_Provided data_
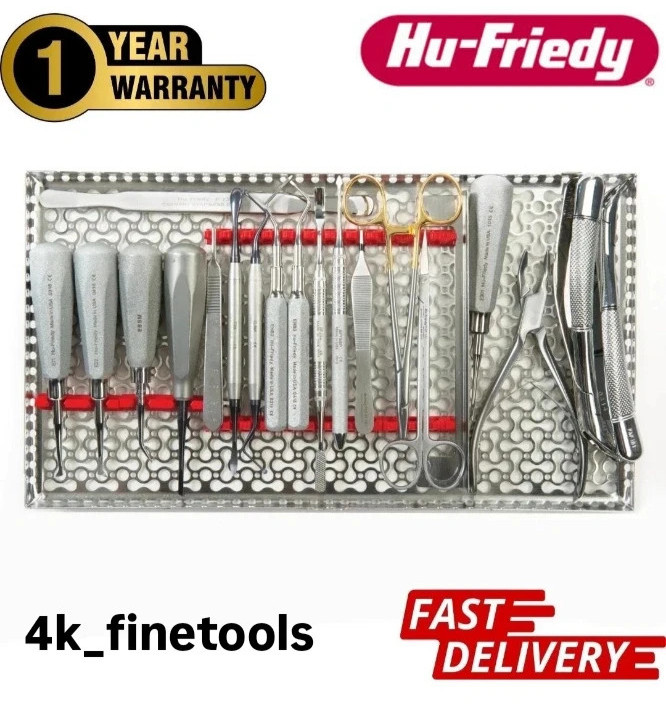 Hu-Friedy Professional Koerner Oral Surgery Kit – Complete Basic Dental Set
--
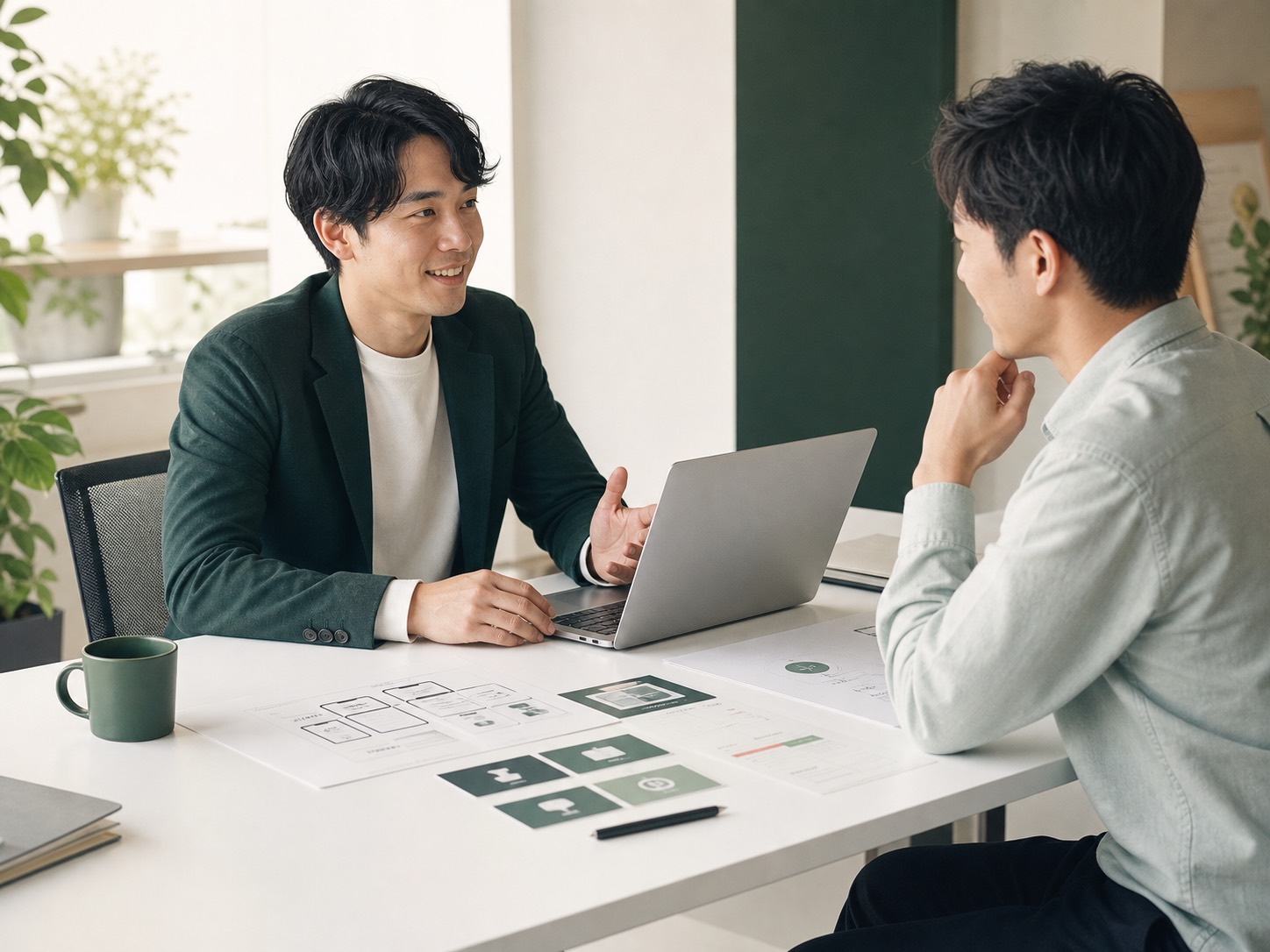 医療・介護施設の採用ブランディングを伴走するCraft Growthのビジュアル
==
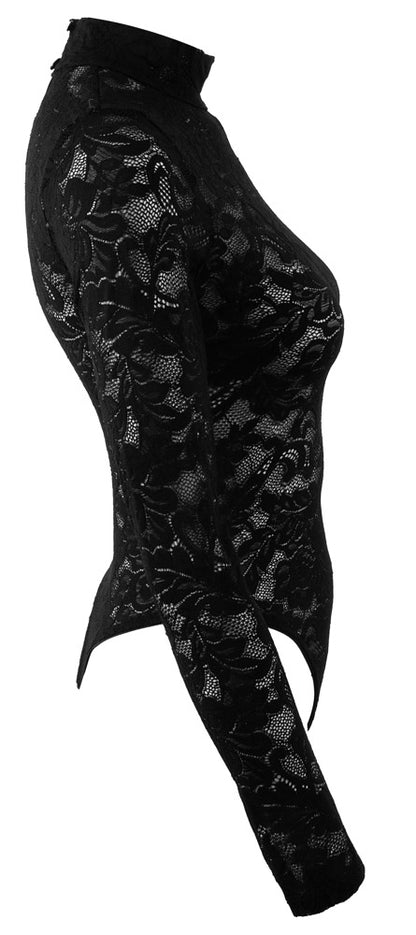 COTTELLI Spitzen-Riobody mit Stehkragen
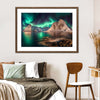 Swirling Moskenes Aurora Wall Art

_Directions for this task_
Given the entries above, transcribe exactly the lines from the one holding "COTTELLI Spitzen-Riobody mit Stehkragen" through the one holding "Swirling Moskenes Aurora Wall Art"; pictures do not belong in the transcription.

_Your response_
 COTTELLI Spitzen-Riobody mit Stehkragen
 Swirling Moskenes Aurora Wall Art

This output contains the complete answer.